TASK STATEMENT: Could you give again exactly, and only, the lines from the one holding "Schneider LC1D Contactor" through the end of the data, both ends included, with pictures left out?

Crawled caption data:
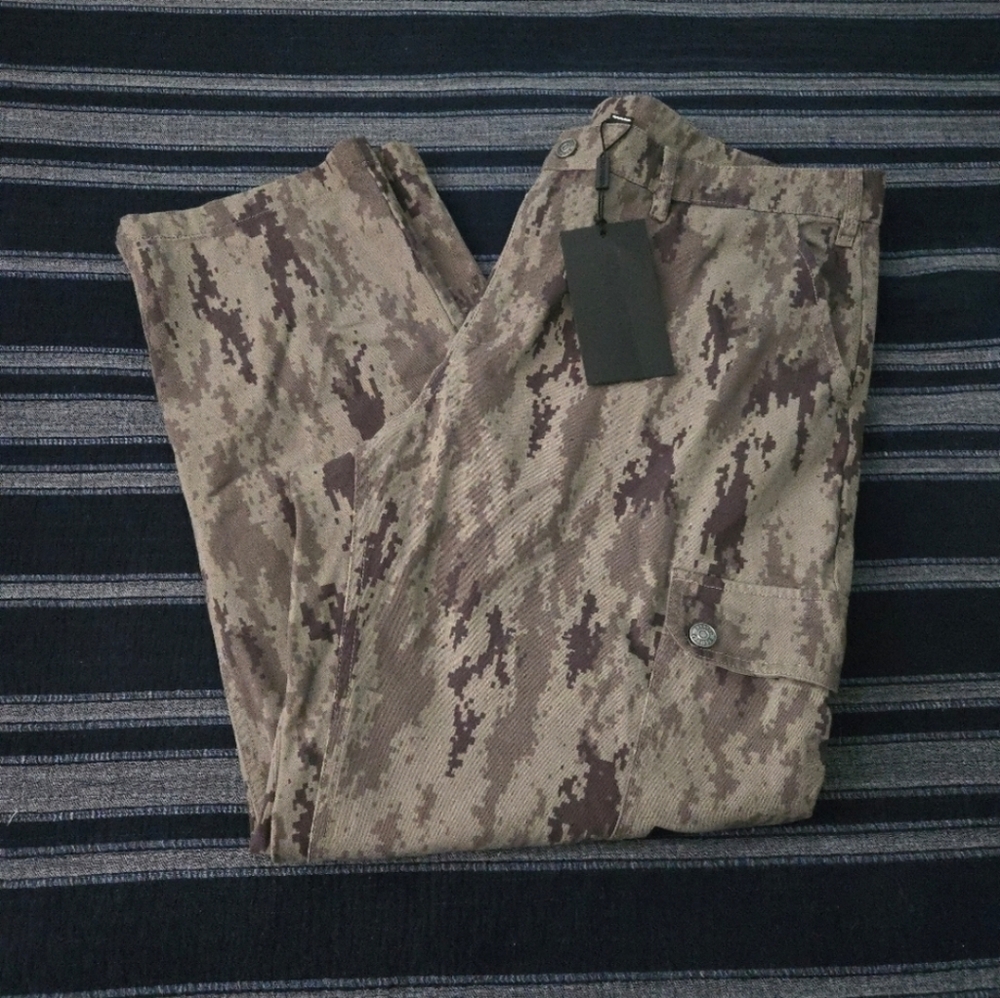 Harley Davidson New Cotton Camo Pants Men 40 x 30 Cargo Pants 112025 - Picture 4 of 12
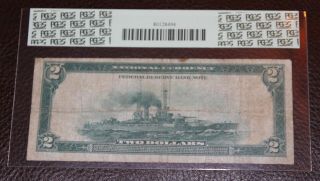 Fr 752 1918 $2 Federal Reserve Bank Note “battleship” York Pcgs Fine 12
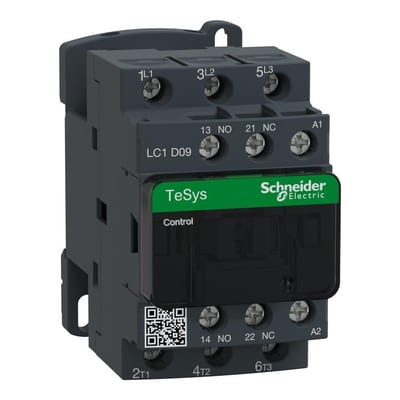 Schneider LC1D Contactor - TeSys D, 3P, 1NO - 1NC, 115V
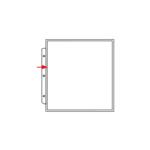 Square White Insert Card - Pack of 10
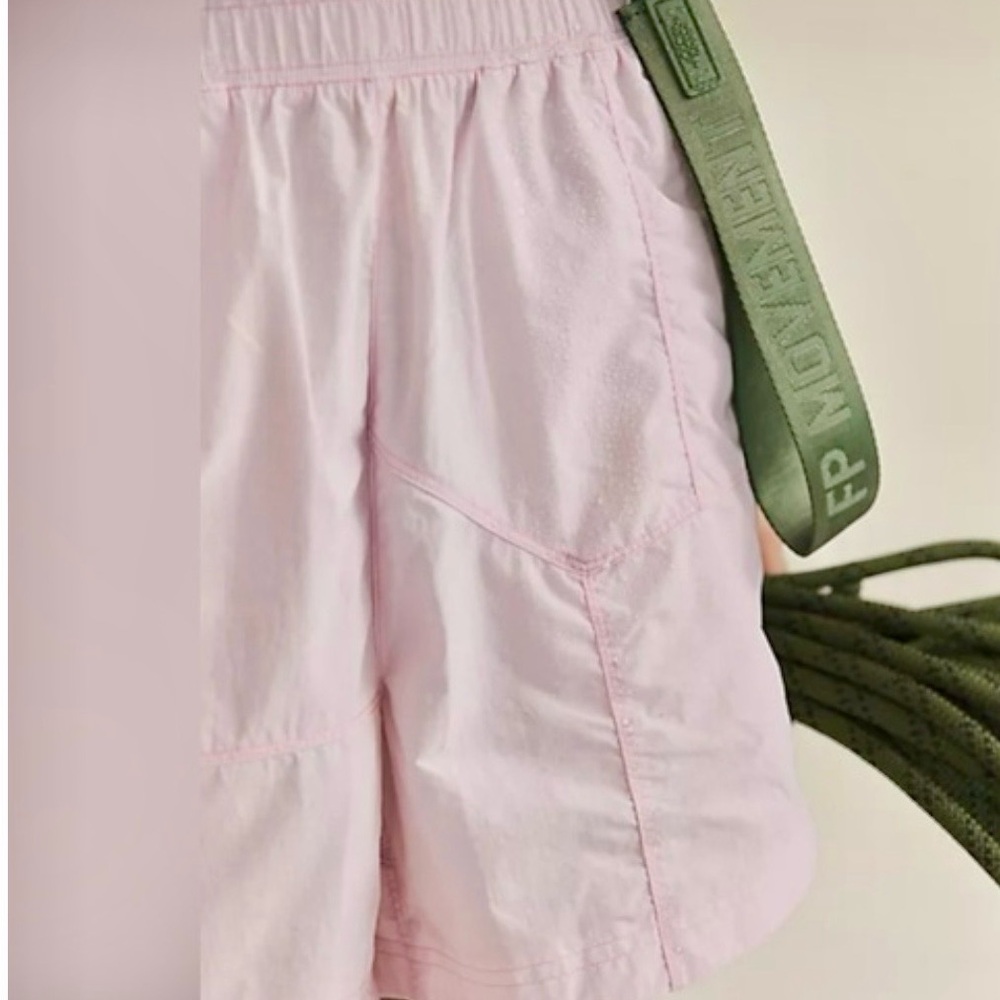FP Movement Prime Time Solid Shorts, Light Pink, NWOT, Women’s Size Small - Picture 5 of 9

YOUR SOLUTION:
 Schneider LC1D Contactor - TeSys D, 3P, 1NO - 1NC, 115V
 Square White Insert Card - Pack of 10
FP Movement Prime Time Solid Shorts, Light Pink, NWOT, Women’s Size Small - Picture 5 of 9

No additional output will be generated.